The MARCH-based project to research and interpret the Cooper Street Historic District in Camden has been honored with a Chancellor’s Civic Engagement Award for community-based scholarship. MARCH Director Charlene Mires received the award at a ceremony at Rutgers-Camden on April 26, 2018.
The Cooper Street Historic District is listed on the National Register of Historic Places, and MARCH advocates stewardship of the district as a model outdoor classroom and asset for the campus and surrounding communities. Research into the social history of the district is creating new knowledge about Camden residents during the city’s period of greatest growth. With this, we gain insights into patterns of investment and disinvestment during the nineteenth and twentieth centuries. Students contributing to this project gain research and writing skills and insight into urban history, historic preservation, and historical interpretation.
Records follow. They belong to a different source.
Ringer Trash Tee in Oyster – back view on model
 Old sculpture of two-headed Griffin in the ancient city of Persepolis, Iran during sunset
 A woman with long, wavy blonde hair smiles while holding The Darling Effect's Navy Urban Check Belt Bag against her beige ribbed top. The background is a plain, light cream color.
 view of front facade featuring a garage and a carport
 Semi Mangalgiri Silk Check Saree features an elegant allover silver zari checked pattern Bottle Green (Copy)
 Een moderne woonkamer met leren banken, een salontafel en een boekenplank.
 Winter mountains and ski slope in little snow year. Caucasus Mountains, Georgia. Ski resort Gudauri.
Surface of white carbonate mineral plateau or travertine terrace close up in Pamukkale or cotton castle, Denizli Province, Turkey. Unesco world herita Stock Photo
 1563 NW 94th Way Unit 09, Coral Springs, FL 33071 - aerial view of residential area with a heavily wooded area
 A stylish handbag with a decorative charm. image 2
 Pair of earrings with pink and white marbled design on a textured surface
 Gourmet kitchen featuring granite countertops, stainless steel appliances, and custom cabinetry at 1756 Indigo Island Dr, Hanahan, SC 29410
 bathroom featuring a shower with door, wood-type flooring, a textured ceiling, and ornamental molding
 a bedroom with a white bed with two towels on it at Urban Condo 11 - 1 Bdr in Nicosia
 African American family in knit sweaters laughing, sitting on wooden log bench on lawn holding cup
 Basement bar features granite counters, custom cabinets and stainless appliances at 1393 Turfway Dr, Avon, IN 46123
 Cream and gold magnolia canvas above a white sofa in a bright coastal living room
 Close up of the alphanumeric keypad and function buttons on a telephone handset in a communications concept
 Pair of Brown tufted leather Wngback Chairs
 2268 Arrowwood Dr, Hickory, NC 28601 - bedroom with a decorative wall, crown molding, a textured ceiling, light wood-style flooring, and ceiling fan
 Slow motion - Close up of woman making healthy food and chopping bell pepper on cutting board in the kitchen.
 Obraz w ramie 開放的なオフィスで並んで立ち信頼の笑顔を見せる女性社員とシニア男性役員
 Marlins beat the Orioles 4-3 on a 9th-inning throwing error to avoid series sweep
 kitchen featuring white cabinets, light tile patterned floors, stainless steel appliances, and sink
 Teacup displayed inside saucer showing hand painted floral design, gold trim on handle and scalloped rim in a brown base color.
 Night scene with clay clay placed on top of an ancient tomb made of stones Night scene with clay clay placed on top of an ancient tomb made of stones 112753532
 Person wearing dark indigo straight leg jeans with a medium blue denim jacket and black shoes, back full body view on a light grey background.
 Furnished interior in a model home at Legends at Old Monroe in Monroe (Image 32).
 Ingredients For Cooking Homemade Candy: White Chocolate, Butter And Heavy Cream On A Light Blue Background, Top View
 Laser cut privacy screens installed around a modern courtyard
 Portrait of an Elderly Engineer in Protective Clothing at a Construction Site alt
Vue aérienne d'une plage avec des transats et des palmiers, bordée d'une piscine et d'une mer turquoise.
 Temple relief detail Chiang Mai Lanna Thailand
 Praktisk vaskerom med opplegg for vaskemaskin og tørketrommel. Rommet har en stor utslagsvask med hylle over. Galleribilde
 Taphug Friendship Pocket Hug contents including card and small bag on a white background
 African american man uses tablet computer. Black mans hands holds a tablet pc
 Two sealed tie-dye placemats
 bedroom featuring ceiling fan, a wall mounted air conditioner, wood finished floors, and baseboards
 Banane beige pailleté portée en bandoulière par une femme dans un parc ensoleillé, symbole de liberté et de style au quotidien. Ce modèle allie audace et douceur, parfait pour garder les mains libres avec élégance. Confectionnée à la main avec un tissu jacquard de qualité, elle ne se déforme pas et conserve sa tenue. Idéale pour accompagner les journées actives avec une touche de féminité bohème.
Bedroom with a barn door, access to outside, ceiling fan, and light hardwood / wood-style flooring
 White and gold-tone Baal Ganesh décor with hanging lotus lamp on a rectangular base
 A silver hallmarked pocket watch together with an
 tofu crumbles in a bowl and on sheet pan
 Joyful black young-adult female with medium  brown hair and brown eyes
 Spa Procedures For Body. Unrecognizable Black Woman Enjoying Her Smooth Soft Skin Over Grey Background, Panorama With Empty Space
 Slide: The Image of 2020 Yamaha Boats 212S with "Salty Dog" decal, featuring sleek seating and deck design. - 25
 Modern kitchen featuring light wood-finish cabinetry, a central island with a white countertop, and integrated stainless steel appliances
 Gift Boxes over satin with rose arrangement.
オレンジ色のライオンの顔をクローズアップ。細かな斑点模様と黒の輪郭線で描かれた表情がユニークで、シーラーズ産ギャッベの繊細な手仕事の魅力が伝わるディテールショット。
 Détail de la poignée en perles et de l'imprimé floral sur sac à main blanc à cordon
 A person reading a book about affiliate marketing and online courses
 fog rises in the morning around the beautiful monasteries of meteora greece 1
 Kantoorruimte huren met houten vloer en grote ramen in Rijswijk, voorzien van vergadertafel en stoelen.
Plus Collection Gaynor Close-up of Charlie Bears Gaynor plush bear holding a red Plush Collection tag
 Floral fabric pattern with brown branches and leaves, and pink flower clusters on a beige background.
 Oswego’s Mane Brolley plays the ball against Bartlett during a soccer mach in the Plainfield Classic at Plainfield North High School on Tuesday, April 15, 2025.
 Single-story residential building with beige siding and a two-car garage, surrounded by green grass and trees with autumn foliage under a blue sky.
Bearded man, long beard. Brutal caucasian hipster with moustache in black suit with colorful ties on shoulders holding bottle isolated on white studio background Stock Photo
Particularly key to the project’s success is the database of past residents of Cooper Street, a work-in-progress by graduate student and MARCH digital media coordinator Lucy Davis.
In the most recent addition to the project, graduate students in public history investigated a collection of artifacts uncovered by archaeologists prior to the construction of a new dormitory at 330 Cooper Street. The students presented their findings at a public program, “What Lies Beneath Cooper Street?” sponsored by the Rutgers-Camden Honors College on April 26, 2018.